K.S. Villoso, Sapphire's Flight
“...the poison in my chest a reflection of my love.”
K.S. Villoso, Sapphire's Flight
“Why would I be happy to see the pathetic wretch? It looks like rats have birthed in his beard.”
K.S. Villoso, Aina's Breath
“She stirred. “Go back to sleep, little love,” he murmured. “Everything will be all right.” He patted her leg and hummed her a song he had sung to her most nights since she was born. Her eyes began to droop closed again. He watched the curve of her nose and her long eyelashes, and thought about not being able to watch her grow up—of sunrises and sunsets, and how many other fathers would still have what he would lose by the end of this day. A lump welled up in his throat. He wanted to take her in his arms and run away.

Hyougen turned his head and saw Aliahe looking at him from the doorway. She knew what he was thinking—she always did. He felt helpless, and a moment passed where he thought he would just march down to that shore and beg the Dageians to spare his family, at least. He would do anything to hold on that moment in that room, basking in the warm breeze and orange glow of the sunlight, with the three of them alive and a touch away from each other—anything. A coward’s thought, and he killed it as soon as it passed, but it left his knees shaking all the same.”
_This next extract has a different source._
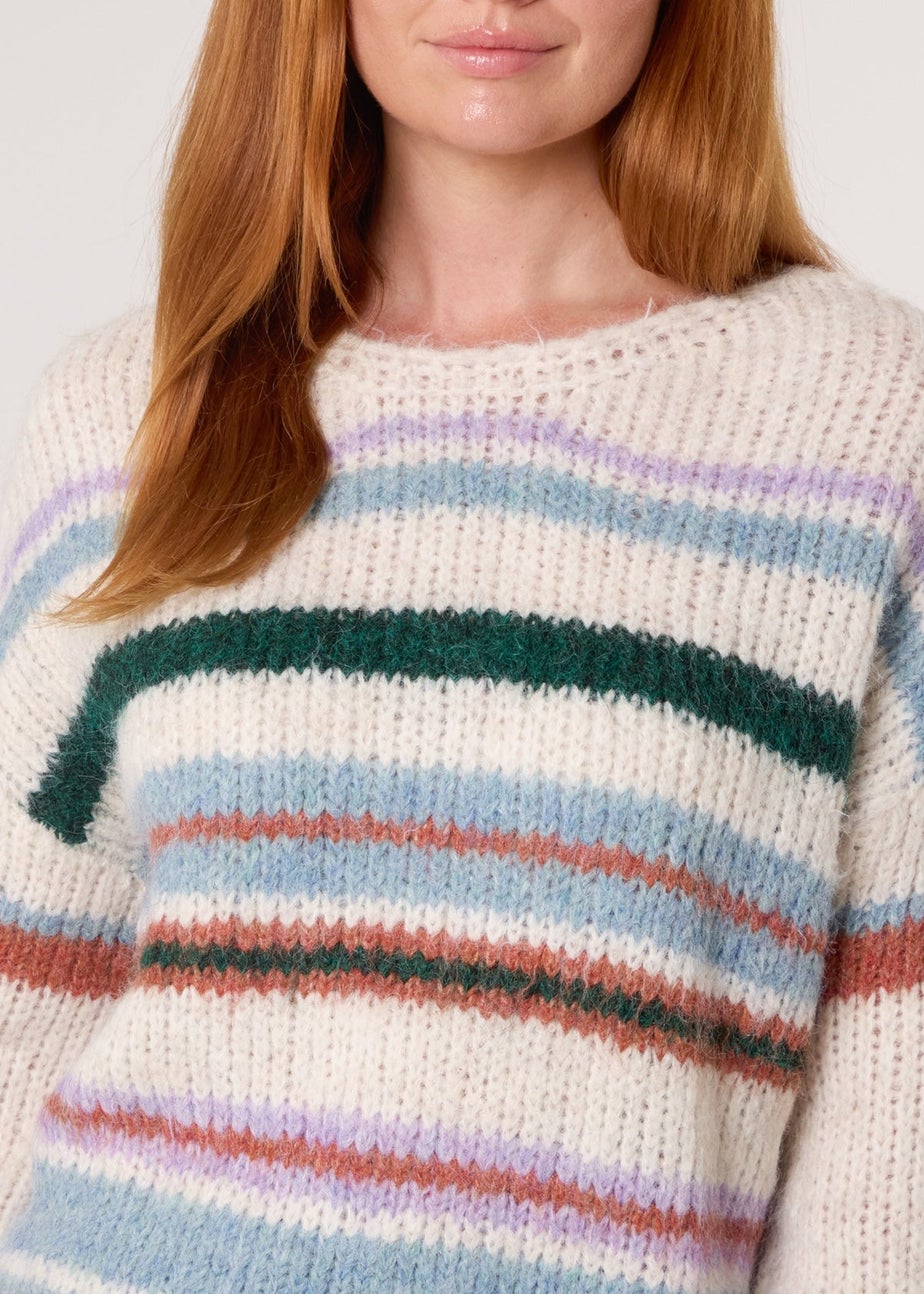 Blue Vanilla Ivory Striped Long Sleeve Jumper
K.S. Villoso, Aina's Breath
“Like children learning to swim, we think we drown in sorrow,
only to awaken on the shore to tempt the tides again.”
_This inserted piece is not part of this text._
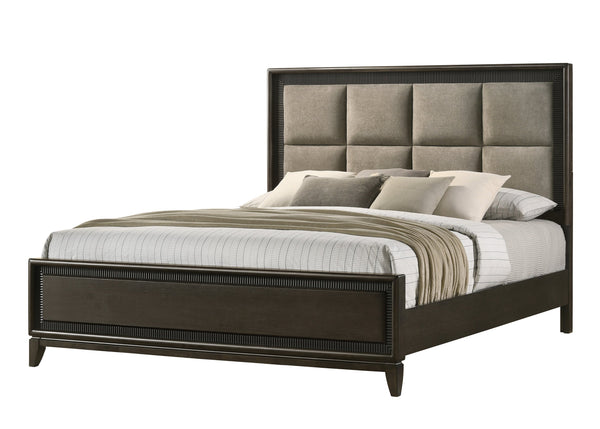 English Elm 1pc Elegant Queen Panel Bed Upholstered Headboard with Solid Wood Legs, Modern Luxe Bedroom Centerpiece Brown 86 L x 11 W x 7 H B011S01224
K.S. Villoso, Sapphire's Flight
“I wish I could tell you this was the first time I woke up tied to a bed,” Enosh said.”
K.S. Villoso, Sapphire's Flight
“I am shocked,” Enosh said, “that you would dare suggest that someone out there wants to hurt me.”
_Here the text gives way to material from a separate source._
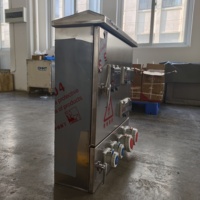 Boîtier de distribution extérieur en acier inoxydable, panneau de maintenance, interrupteur transparent, boîte murale étanche de haute qualité avec prise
K.S. Villoso, Sapphire's Flight
“You don’t find me handsome, Sapphire?”

“Because heavens forbid we talk about anything but you, your charisma, or your women when we’re passing time.”
K.S. Villoso, Sapphire's Flight
“Hearing stories about Goran alon gar Kaggawa over the past few years had given Sume the impression that he was a charming, likable man, always full of humour and energy. Perhaps she even recalled it, in a memory that overlapped her brother Oji’s, because they had been similar in many ways.

But mostly, she only remembered Goro the town drunk, the washed-up merchant, the man who couldn’t even be trusted to buy a sack of rice without wasting it on wine along the way. She remembered waking up in the middle of a night to the neighbour’s dog barking, which always meant that—for that night, at least—her father had managed to find his way back home. She would open the front door to find him vomiting in the garden or passed out by the steps. Because Hana would scold the old man if she woke her up to help, she always brought him in herself, heating up water to wash his face with.

Goro, if he woke up during these ministrations, would begin crying. He never told her the reason—he never spoke much in the years after her mother’s death—but even as a child, she could guess why. People find strength, or they break. There is enough room in a lifetime for both.”
K.S. Villoso, Sapphire's Flight
“I don’t know what I’m supposed to do. I know that I’m supposed to stand here and bear it all, that there are more important things to worry about. We hear stories about heroes of old and tell ourselves that we can be like that, too, brave and daring and impervious, only that’s not how it works, you see? Not all of us can be so selfless or so strong.”